Music that stands proudly outside an everyday frame of reference demands new ways of listening. I shouldn’t be surprised that it gives rise to new ways of feeling. hi leaves is not an outwardly emotional album. More often than not, it bristles and chills rather than soothes. The emotion lies somewhere in the tension between these sounds’ default obscurity and their chaotic insistence on being heard. The more I listen, the more I’m won over.
[7]
Shy Thompson: a couple of weeks ago, while out for a walk, i witnessed a gruesome scene: an explosion of k’nex on the sidewalk. as a kid into building and problem solving toys i had a passing curiosity in k’nex, but not enough to chance my limited toy allowance by asking for a set. their byzantine form made their function difficult to grasp at a glance, and the possibilities of k’nex remained a mystery to me. i didn’t fret over it, though; i had lego to tide me over. as this violent aftermath of a once-assembled structure lay at my feet, i realized this was the first time i had ever seen these silly little things in person. i crouched down and took a moment to try and deduce how they fit together, almost certainly looking very strange to any passers-by. i would have tried to build something simple with them if i wasn’t so paranoid about them being covered in covid, but it was nevertheless an enriching exercise—not only because i was able to put a decades long mystery to rest, but also because it helped me to understand why i was initially not clicking with soft tissue’s sophomore album hi leaves.

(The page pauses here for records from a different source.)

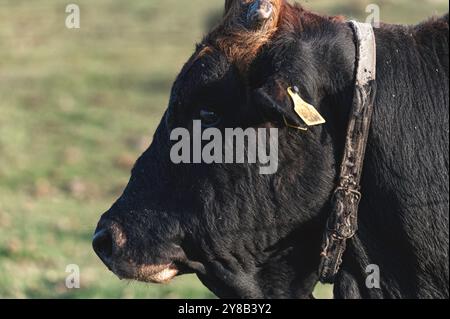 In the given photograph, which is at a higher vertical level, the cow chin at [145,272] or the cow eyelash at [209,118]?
the cow eyelash at [209,118]

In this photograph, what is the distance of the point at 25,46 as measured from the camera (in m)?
26.5

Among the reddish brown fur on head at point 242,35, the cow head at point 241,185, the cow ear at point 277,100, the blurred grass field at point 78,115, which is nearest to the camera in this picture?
the cow ear at point 277,100

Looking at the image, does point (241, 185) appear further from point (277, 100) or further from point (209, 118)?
point (277, 100)

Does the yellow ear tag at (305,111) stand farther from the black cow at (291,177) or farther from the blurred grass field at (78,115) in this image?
the blurred grass field at (78,115)

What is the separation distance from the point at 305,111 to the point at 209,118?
0.62 metres

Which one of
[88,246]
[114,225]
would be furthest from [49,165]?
[114,225]

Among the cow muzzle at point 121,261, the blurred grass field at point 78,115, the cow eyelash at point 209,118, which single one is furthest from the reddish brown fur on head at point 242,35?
the blurred grass field at point 78,115

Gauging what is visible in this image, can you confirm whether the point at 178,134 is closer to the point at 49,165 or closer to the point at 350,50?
the point at 350,50

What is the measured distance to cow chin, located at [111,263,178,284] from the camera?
15.9ft

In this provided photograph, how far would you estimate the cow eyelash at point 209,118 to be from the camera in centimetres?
471

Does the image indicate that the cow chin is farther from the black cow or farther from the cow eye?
the cow eye

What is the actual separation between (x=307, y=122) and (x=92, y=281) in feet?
14.8

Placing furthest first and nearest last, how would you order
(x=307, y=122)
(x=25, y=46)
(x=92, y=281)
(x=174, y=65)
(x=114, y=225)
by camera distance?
(x=25, y=46)
(x=174, y=65)
(x=92, y=281)
(x=114, y=225)
(x=307, y=122)

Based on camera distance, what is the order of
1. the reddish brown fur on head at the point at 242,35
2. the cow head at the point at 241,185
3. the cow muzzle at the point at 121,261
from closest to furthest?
1. the cow head at the point at 241,185
2. the reddish brown fur on head at the point at 242,35
3. the cow muzzle at the point at 121,261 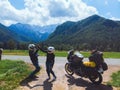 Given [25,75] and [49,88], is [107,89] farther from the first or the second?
[25,75]

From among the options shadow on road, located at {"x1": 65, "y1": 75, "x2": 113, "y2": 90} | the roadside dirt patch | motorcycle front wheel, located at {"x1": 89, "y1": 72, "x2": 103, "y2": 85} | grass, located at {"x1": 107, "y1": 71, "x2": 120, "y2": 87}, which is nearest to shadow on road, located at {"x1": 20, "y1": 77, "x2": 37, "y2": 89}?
the roadside dirt patch

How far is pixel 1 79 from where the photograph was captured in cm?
1691

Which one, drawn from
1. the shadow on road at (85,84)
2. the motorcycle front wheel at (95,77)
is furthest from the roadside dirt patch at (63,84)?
the motorcycle front wheel at (95,77)

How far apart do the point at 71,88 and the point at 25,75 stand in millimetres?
3732

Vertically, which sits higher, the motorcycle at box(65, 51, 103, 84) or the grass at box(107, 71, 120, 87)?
the motorcycle at box(65, 51, 103, 84)

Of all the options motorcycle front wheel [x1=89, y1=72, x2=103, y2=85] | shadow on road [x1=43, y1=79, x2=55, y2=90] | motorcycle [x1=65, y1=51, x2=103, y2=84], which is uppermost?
motorcycle [x1=65, y1=51, x2=103, y2=84]

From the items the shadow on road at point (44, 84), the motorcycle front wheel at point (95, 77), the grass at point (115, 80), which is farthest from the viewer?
the grass at point (115, 80)

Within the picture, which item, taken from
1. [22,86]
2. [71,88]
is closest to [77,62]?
[71,88]

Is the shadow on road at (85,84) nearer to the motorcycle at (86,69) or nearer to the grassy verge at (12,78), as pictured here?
the motorcycle at (86,69)

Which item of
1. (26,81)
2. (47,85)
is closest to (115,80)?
(47,85)

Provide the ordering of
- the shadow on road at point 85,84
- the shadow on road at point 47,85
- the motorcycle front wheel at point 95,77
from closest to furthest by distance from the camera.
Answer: the shadow on road at point 47,85 → the shadow on road at point 85,84 → the motorcycle front wheel at point 95,77

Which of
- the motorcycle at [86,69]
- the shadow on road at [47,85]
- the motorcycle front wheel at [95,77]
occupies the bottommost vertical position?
the shadow on road at [47,85]

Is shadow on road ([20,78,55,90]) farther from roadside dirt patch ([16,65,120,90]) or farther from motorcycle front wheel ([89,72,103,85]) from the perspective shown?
motorcycle front wheel ([89,72,103,85])

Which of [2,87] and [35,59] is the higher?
[35,59] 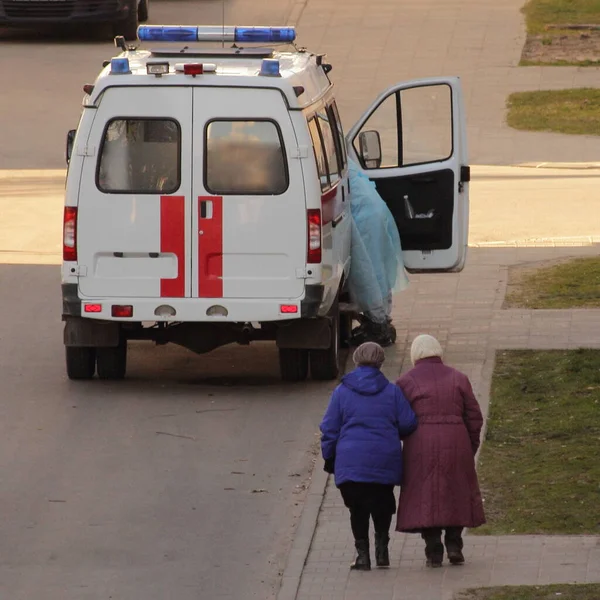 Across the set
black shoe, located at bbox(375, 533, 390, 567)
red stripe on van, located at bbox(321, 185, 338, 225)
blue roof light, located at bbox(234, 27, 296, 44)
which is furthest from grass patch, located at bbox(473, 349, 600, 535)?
blue roof light, located at bbox(234, 27, 296, 44)

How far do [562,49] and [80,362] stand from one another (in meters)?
18.5

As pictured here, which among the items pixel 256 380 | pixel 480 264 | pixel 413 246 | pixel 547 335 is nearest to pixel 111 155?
pixel 256 380

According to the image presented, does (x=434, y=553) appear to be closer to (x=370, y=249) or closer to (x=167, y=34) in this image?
(x=370, y=249)

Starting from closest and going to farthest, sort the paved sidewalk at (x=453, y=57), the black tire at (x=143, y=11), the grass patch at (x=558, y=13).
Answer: the paved sidewalk at (x=453, y=57), the black tire at (x=143, y=11), the grass patch at (x=558, y=13)

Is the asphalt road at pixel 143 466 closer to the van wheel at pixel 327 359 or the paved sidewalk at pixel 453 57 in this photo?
the van wheel at pixel 327 359

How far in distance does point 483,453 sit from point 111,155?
3.39 m

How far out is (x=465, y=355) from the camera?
13.6 metres

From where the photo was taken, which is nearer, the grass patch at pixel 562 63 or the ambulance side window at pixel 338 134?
the ambulance side window at pixel 338 134

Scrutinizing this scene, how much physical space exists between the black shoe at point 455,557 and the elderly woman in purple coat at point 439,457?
2 centimetres

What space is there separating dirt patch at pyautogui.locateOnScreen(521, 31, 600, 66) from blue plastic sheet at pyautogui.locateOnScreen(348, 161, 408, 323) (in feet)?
50.5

the self-titled debut has become a personal favorite, one of my aural stim toys that i can use to excite the same areas of my brain as when i would dump a tub of lego onto the floor. every piece has a simple form that can be passively appreciated, like the satisfying click of two blocks fitting together without any resistance. hi leaves, with its expanded toolbox of techniques to tease sound out of ordinary objects, is more like k’nex. the appeal of the self-titled lies in its brevity and elegant simplicity, but hi leaves takes some probing at step one; you find yourself questioning the structure of the basic units before even giving a cursory thought to how they fit together. due to this added layer of intricacy, i wasn’t feeling the same immediacy the self-titled gave me, and having to queue the album up a second and third time was reading to me like a failing. it’s a bit like having to read a block of text more closely than you’d like because none of the letters are capitalized; your eyes become tired because you can’t find your starting point.
eventually, though, you begin to find your way around what once felt unnavigable after you’ve spent enough time surrendering yourself to its design language. k’nex are capable of things you could never conceive of with lego. similarly, hi leaves requires a little reverse-engineering from the jump—you get out of it exactly as much as the effort you’re willing to spend.